En tant qu'axiome, l'existence du Sujet est absolument non démontrable. Cela peut s'exprimer selon deux définitions. La définition positive est l'affirmation que "ce qui est est". C'est la loi n°zéro de Moïse, la révélation que Dieu "Est Celui qui est". Nous retrouvons cette caractéristique dans les atours du Bouddha Tathagata, littéralement : celui par qui il est démontré que ce qui est est. Le point important - essentiel - à retenir au sujet de cette première définition, c'est que l'accès de l'Objet au Sujet - de l'extérieur à l'intérieur - est impossible, inexistant. Le Sujet en "moi" étant indémontrable, aucun élément de ma personnalité ne peut m'y accorder. Seul le Sujet peut, de son propre chef, se révéler à "moi" en tant que détenteur de lui-même. Cela correspond à la "voie de la révélation directe" propre au Dzogchen. Soit le Sujet se révèle et alors il est révélé, soit le Sujet ne se révèle pas, et alors il est inexistant. Zéro ou un, sans intermédiaire. Nous pouvons faire là l'expérience de la certitude, parce que, hors Sujet, rien ne peut nous rendre certain que le Sujet existe, mais du point de vue du Sujet, le fait de sa propre existence apparaît comme absolument indubitable. Nous retrouvons ici l'idée que tout axiome est, par définition, arbitraire (cette dernière idée pouvant être considérée également comme un axiome).

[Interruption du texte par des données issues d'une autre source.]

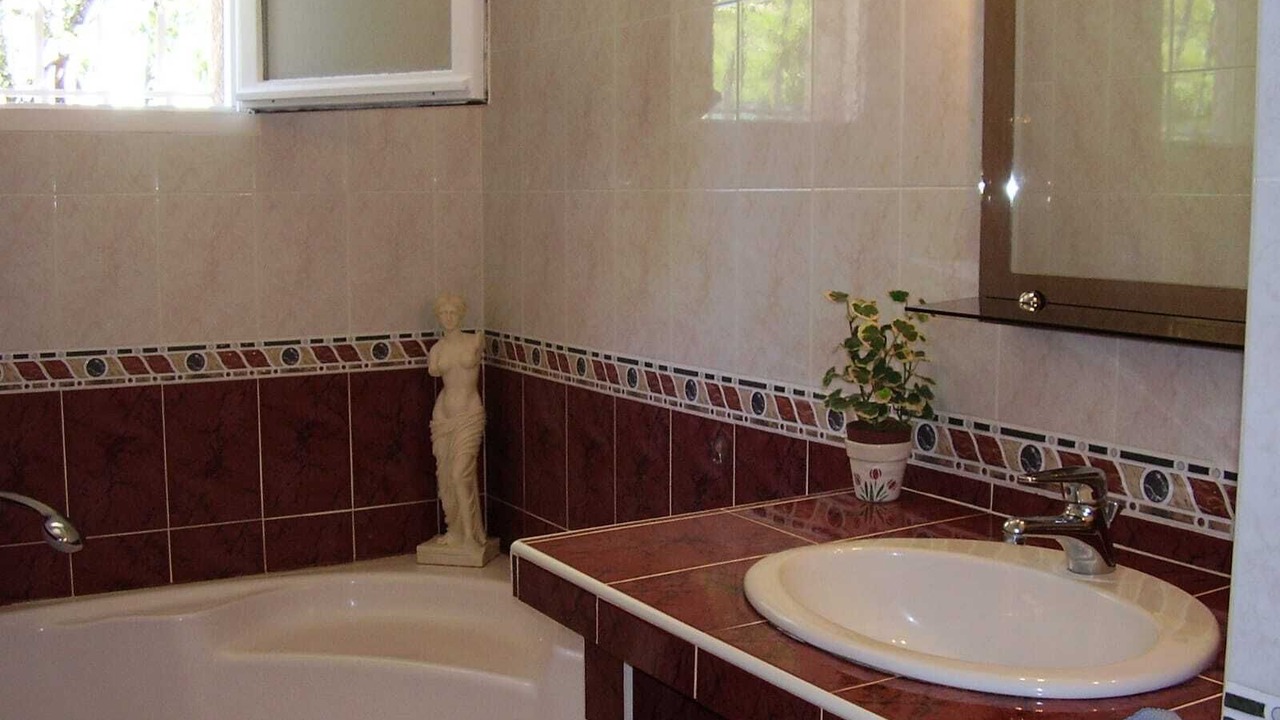 Photo of Bathroom in Viols-le-Fort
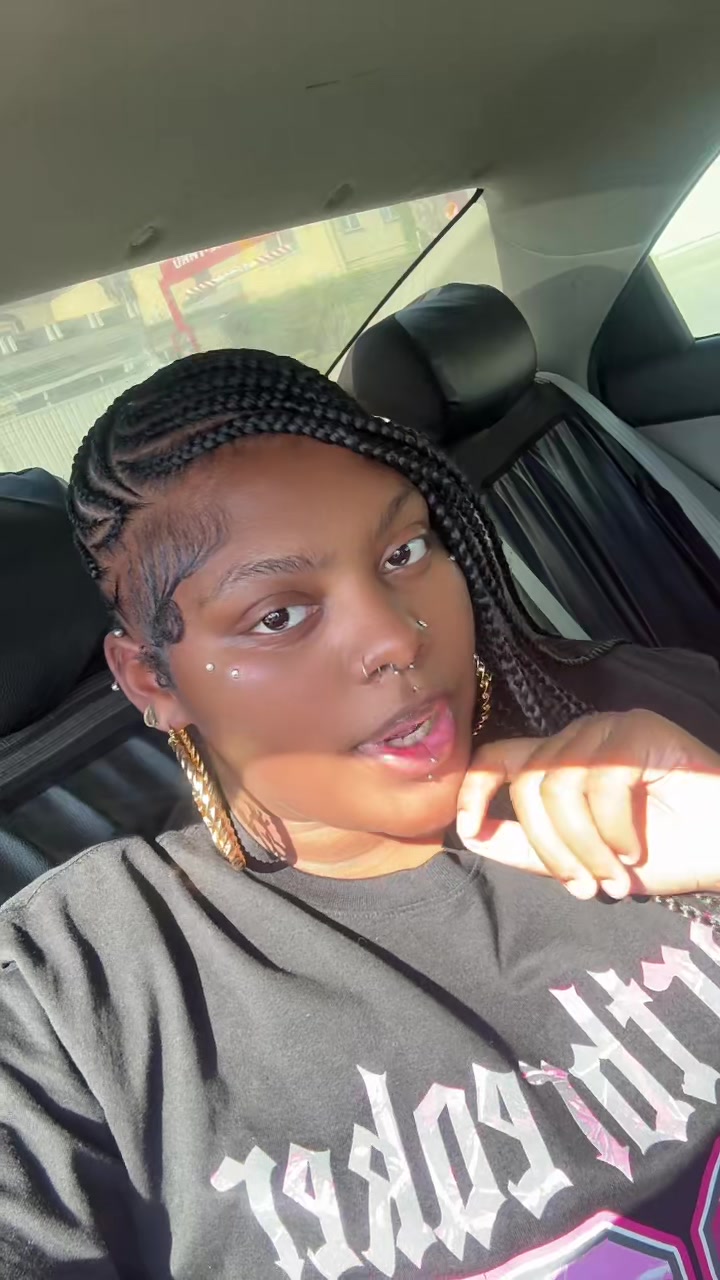 @naaay🫦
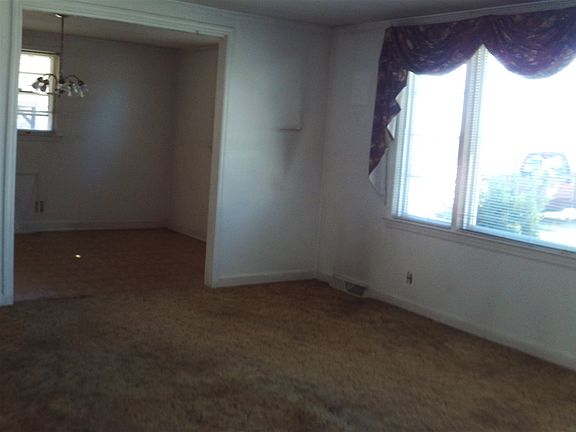 3rd image of 215 Saint Michael Ave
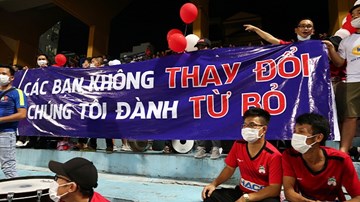 CĐV HAGL đeo khẩu trang trắng, mang khẩu hiệu lạ đến sân Hàng Đẫy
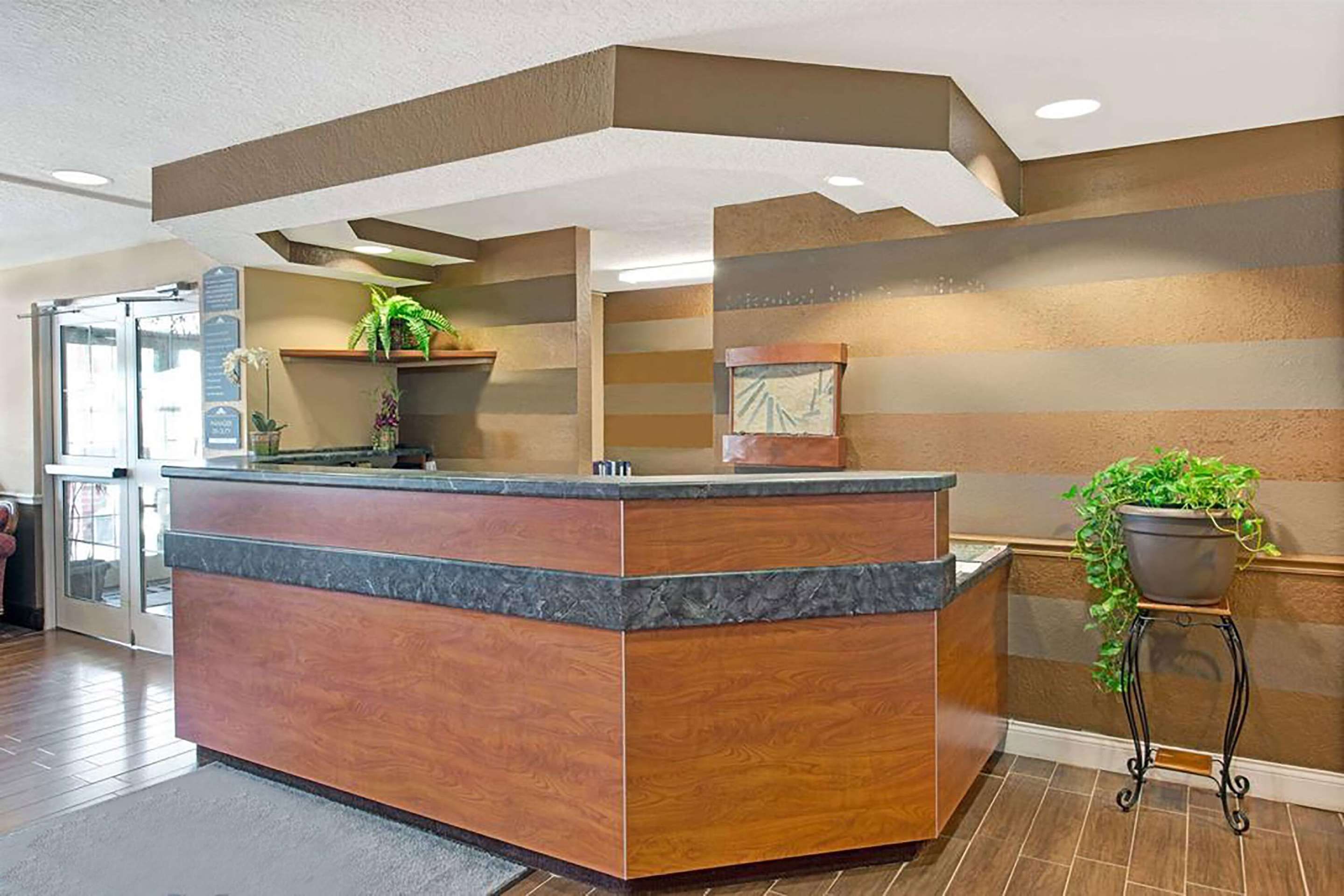 Receptionist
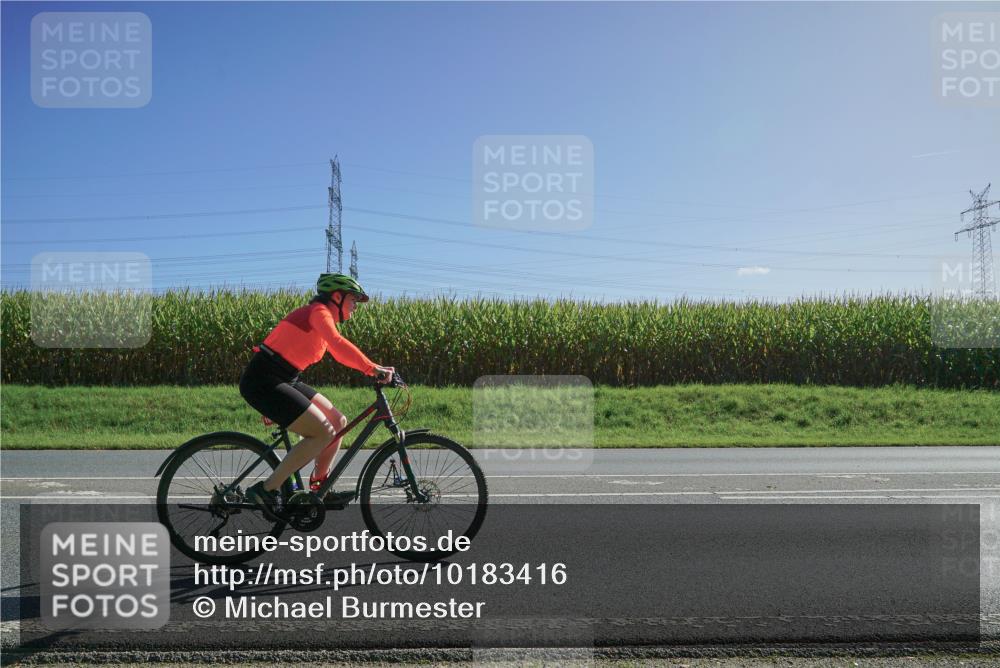 06.09.2026 - 20. Norderstedt Triathlon Michael Burmester http://msf.ph/oto/10183416 06.09.2026 10:36:50 Radfahren 702, 703, 1504 meine-sportfotos.de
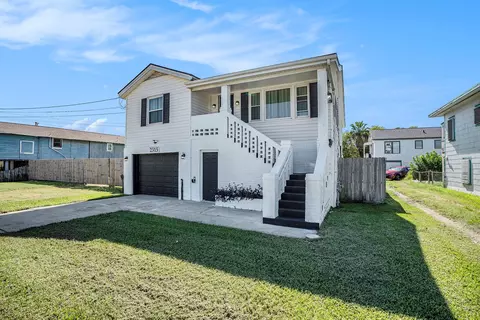 2315 67th St, Galveston, TX 77551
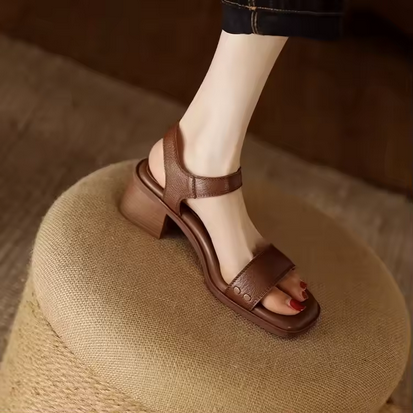 Elegante Sandalen - Stabile Zuhaltung & minimalistisches Design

La seconde définition, négative, permet d'utiliser l'axiome du Sujet à des fins pragmatiques. Il s'agit de l'affirmation que "le Sujet est absolument non-Objet". S'il est possible d'objectiver quelque chose, alors ce n'est pas le Sujet. Il s'agit de l'aspect fonctionnel, opérateur du Sujet. Il n'existe pas seulement dans l'auto-résonance de sa lumière essentielle : il existe en outre en tant qu'affirmation de "n'être pas l'Objet". Il s'agit d'une sorte de "répulsion" radiative, d'un rayonnement sphérique qui maintient tous les objets "en-dehors" de son noyau émetteur. "Répulsion" et "en-dehors" sont mis entre guillemets car ils font référence à des mouvements dans l'espace-temps, ce qui est une façon grossière de décrire l'opération du Sujet. L'expérience réelle ressemble néanmoins à cette analogie. Les Pères de l'Eglise parlent de la prière comme étant une colonne de lumière en laquelle les contenus mentaux (logismoï) semblent flotter en état d'apesanteur. Par cette fonction opérative, le Sujet affirme à la fois son identité et son exclusivité - exclusivité dont nous retrouvons la formulation dans le dire du Christ : "Je Suis le chemin, la vérité et la vie, nul ne va à Dieu que par moi".